Monday 16 March 2015

Lights on the Horizon: Part 5

St Elmo’s Fire

I boarded the Kings' ship; now in the beak,
Now in the waist, the deck, in every cabin,
I flamed amazement; sometime I'd divide
And burn in many places; on the topmast
The yards and bowsprit, would I flame distinctly
Then meet and join. 
--The Tempest (Act I, Scene 2) 


Another of the strange phenomena that light up the darkness of our ordinary experience of nature is what is called St Elmo’s Fire.  Like the phosphorescence of various marine plants and animals, this glowing flash of light that, like a will o’the wisp or an ignis fatuus, seems to dance around the deck of ships, up the masts, and then elsewhere, seems to be completely natural.  It is as natural as the march gas and lightning balls that are found on land.  Because they always seemed to be bizarre virtually unnatural, and probably supernatural in one way or another, they caught the imagination of our ancestors. Our forebears sometimes believed they were dealing with spiritual entities, creatures or forces beyond our understanding.  Yet they also were taken to be more frightening than directly dangerous, perhaps omens or other signs of benevolent powers, rather than demonic displays.

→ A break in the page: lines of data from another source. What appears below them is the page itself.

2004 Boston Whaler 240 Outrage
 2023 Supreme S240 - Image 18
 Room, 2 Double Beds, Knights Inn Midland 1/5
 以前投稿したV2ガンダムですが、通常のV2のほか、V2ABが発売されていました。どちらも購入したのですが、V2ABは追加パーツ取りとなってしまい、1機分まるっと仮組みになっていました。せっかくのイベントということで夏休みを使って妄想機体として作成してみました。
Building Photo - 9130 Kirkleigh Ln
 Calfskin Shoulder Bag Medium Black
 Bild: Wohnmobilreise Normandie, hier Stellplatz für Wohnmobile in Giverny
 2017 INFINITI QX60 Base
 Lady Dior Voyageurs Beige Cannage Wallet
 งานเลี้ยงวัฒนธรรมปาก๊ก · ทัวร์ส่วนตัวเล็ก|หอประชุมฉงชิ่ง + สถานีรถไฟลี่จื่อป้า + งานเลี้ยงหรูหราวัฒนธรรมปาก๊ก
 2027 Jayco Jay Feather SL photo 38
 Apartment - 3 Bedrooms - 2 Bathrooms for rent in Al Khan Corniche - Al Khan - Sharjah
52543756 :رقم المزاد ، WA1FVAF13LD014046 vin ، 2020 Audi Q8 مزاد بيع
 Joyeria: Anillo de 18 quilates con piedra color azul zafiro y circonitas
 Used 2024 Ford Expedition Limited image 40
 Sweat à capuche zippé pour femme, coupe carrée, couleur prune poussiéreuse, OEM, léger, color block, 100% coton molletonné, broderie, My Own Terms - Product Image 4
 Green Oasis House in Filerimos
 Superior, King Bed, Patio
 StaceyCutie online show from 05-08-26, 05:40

As scientists slowly began to investigate these phenomena and confirmed their natural properties, having to do with electrical discharges, chemical processes and organic substances, the stories and songs about them faded from most people’s consciousness.  Occasionally, however, as the later sections of this essay will discuss, they began to be taken in new ways.  Instead of manifestations of spiritual powers or devilish exhibitions, some writers began to see in them metaphors of mental events.  The glowing lights, the flashes and glowing substances, and the spectral shapes could stand for the way the imagination itself worked or the mind’s creation and organization of ideas.